Dans le cadre de la récente consultation fédérale sur la sécurité nationale, l’entreprise a soumis un rapport au gouvernement fédéral en décembre 2016.

Rogers y note que l'utilisation des intercepteurs d'IMSI n'est pas décelable par les réseaux sans fil et que des clients peuvent ne pas être en mesure de faire des appels lorsqu'ils sont activés.

Ceci est particulièrement important en ce qui concerne l'interférence possible avec l'accès aux services d'urgence et au service du 911.

Extrait du rapport de Rogers Communications

Dans ce même document, Rogers Communications demande au gouvernement fédéral de tenir une consultation expressément sur les intercepteurs d'IMSI « afin de mieux identifier le type de surveillance judiciaire et la transparence nécessaires » et de déterminer « comment cette technologie peut être utilisée sans affecter négativement les clients et les réseaux sans fil ».

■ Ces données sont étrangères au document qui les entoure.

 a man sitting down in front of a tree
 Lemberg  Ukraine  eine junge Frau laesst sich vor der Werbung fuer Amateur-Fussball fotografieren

Sécurité nationale: des résultats bientôt

Au bureau du ministre fédéral de la Sécurité publique, Ralph Goodale, on se fait rassurant. Selon lui, l'utilisation de ces dispositifs d'interception par les organismes de sécurité est limitée et encadrée par les tribunaux.

Le bureau du ministre ne s'est toutefois pas prononcé sur la demande de Rogers Communications de tenir une consultation sur les capteurs d'IMSI. Il affirme que le gouvernement publiera un rapport sur les résultats des consultations sur la sécurité nationale « dans un avenir rapproché ».